Simply put, this was no test! This was the real thing. It would seem that World War III was underway. People panicked. Ran for their shelters and basements. Could it really be? Answer: No. What happened? It seems that the messages that were to be broadcast to the radio stations were held at the Cheyenne Mountain military installation in Colorado. There were three of them. One with the test message and the other two with actual emergency messages. All of them hung in a row on three separate hooks. The operator that day, one Mr. Wayland S. Eberhardt, grabbed the wrong tape. He was later quoted by the New York Times as saying “I can’t imagine how the heck I did it.” The time between the original message and the, “Oops we made a mistake message,” has been dubbed “The longest five minutes in radio.” A broadcaster in Dallas said, “This made us just angry as heck. You can’t play around with things like this. If we had gone on the air and broadcast this alert as being from the President of the United States, some old people would have checked in right then.”

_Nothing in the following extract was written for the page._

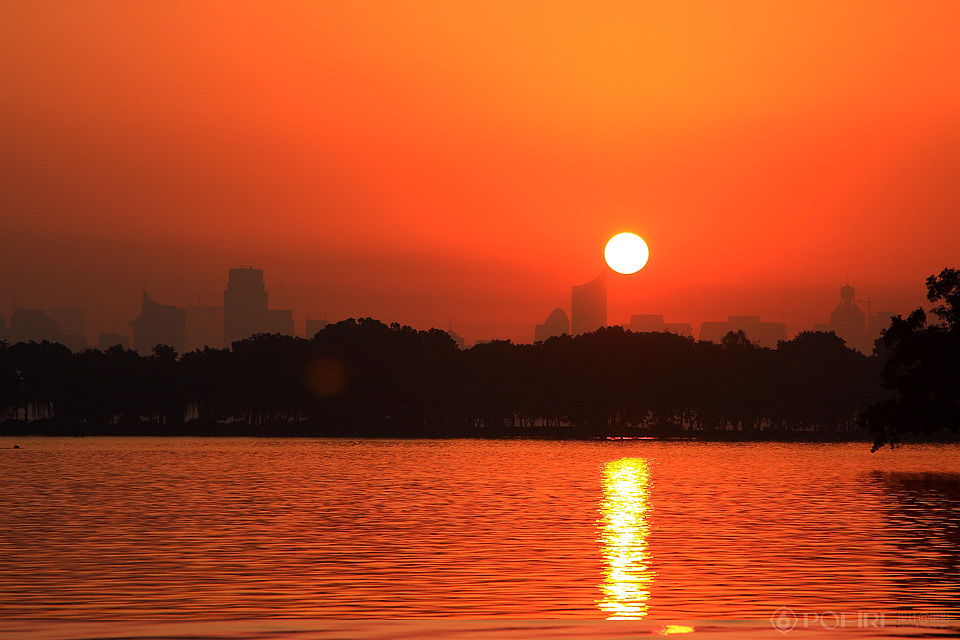 西湖日出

Two good things came out of that event. First, the military made the decision to place the recordings of the actual emergency messages in a file drawer away from the test message so that such an incident could not occur in the future; and second, the world was spared from having to listen to the Partridge Family that early in the morning.
Some folks woke up this past Wednesday and thought the world had come to an end, but personally, I’m still keeping my eye out for the Zombie Apocalypse, which will surely be the end of the world as we know it. We’ve talked about this before, folks always looking for and predicting the end. Some just see it as everything going up in a reverse Big Bang, while others look for the Second coming of Christ and the rapture of God’s people. Either way, it has been a topic of conversation for – not years – but millennia. One of my favorites:
“‘Fallen! Fallen is Babylon the Great!’
She has become a dwelling for demons
and a haunt for every impure spirit,
a haunt for every unclean bird,
a haunt for every unclean and detestable animal.
Therefore in one day her plagues will overtake her:
death, mourning and famine.
She will be consumed by fire,
for mighty is the Lord God who judges her.
“When the kings of the earth who committed adultery with her and shared her luxury see the smoke of her burning, they will weep and mourn over her. Terrified at her torment, they will stand far off and cry:
“‘Woe! Woe to you, great city,
you mighty city of Babylon!
Sounds like something out of a Stephen King novel, but it is actually from the Book of Revelation.
For years, many have read those words and tried to discern what they mean. Some have even stated that the “Great Babylon” is the United States and that scripture is predicting our fall.
The same can be said for the passage from Luke’s Gospel that we read: “Beware that you are not led astray; for many will come in my name and say, `I am he!’ and, `The time is near!’ Do not go after them. When you hear of wars and insurrections, do not be terrified; for these things must take place first, but the end, will not follow immediately…. Nation will rise against nation, and kingdom against kingdom; there will be great earthquakes, and in various places famines and plagues; and there will be dreadful portents and great signs from heaven.” What could all this possibly mean?
Like so many others, you can spend a lifetime worrying about the end or trying to figure out when all this will come to pass, but in the end, what is of greater importance is whether or not you have lived out the life God has given you, according to His will.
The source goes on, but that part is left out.